Repeat the lines below exactly as they appear, but leave out the images.

Provided data:
__________
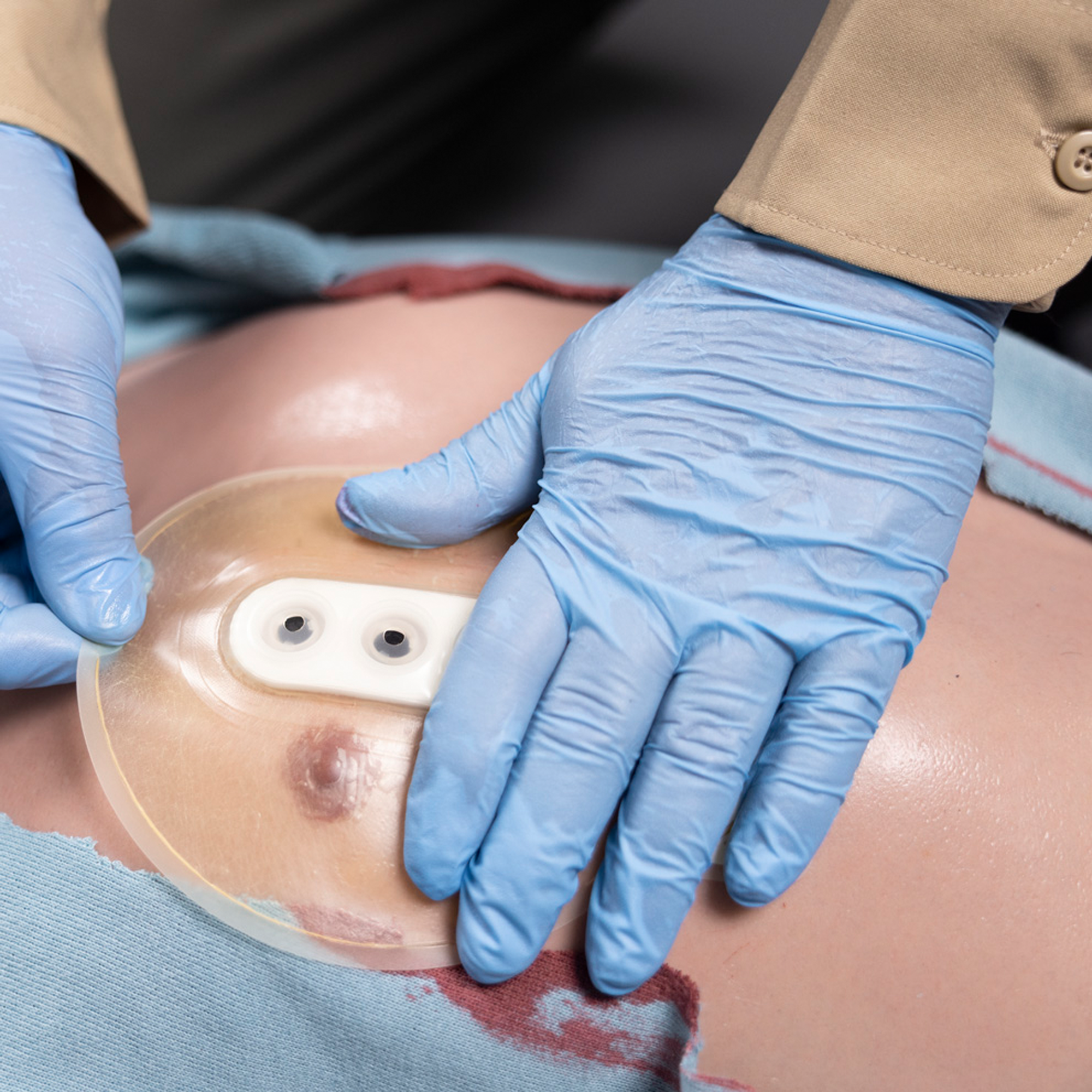 Bolin Chest Seal (BCS)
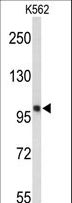 HSPH1 / HSP105 Antibody - Western blot of HSPH1 Antibody in K562 cell line lysates (35 ug/lane). HSPH1 (arrow) was detected using the purified antibody.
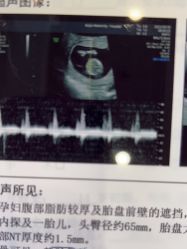 -上海百佳妇产医院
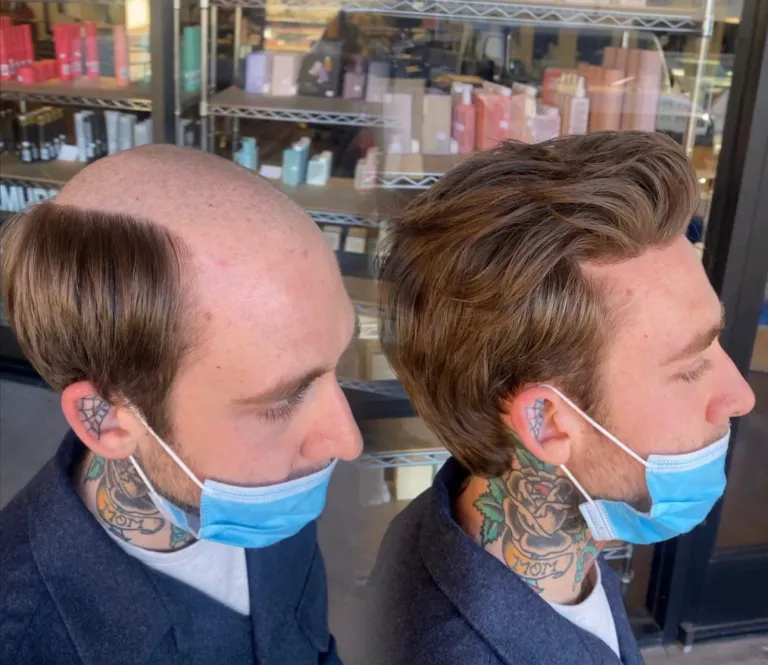 Hair transformation result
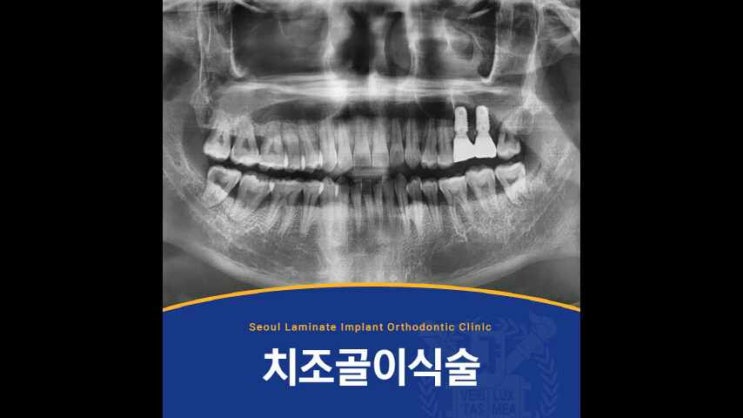 동탄임플란트치과, 치조골이식술로 더 튼튼하게 식립한 사례! : 네이버 블로그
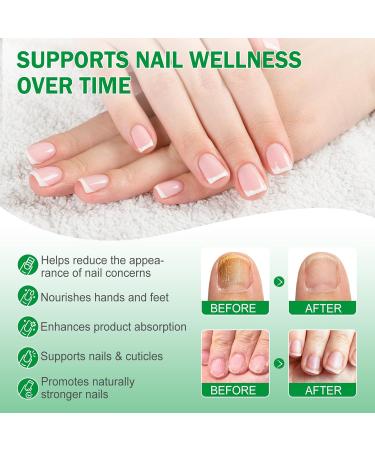 7 Days - S rum naturel pour ongles au gingembre huile de jojoba et de tournesol - Restaure les ongles endommag s soin anti-fongique pour ongles des pieds et des doigts - 60 ml - Buy Online on GoSupps.com
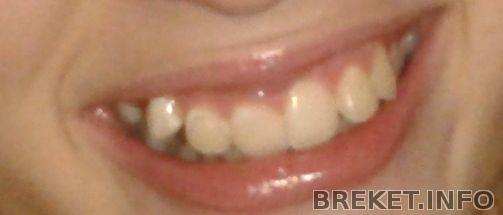 2012-08-29_22.36.18.jpg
__________
Answer:
 Bolin Chest Seal (BCS)
 HSPH1 / HSP105 Antibody - Western blot of HSPH1 Antibody in K562 cell line lysates (35 ug/lane). HSPH1 (arrow) was detected using the purified antibody.
 -上海百佳妇产医院
 Hair transformation result
 동탄임플란트치과, 치조골이식술로 더 튼튼하게 식립한 사례! : 네이버 블로그
 7 Days - S rum naturel pour ongles au gingembre huile de jojoba et de tournesol - Restaure les ongles endommag s soin anti-fongique pour ongles des pieds et des doigts - 60 ml - Buy Online on GoSupps.com
 2012-08-29_22.36.18.jpg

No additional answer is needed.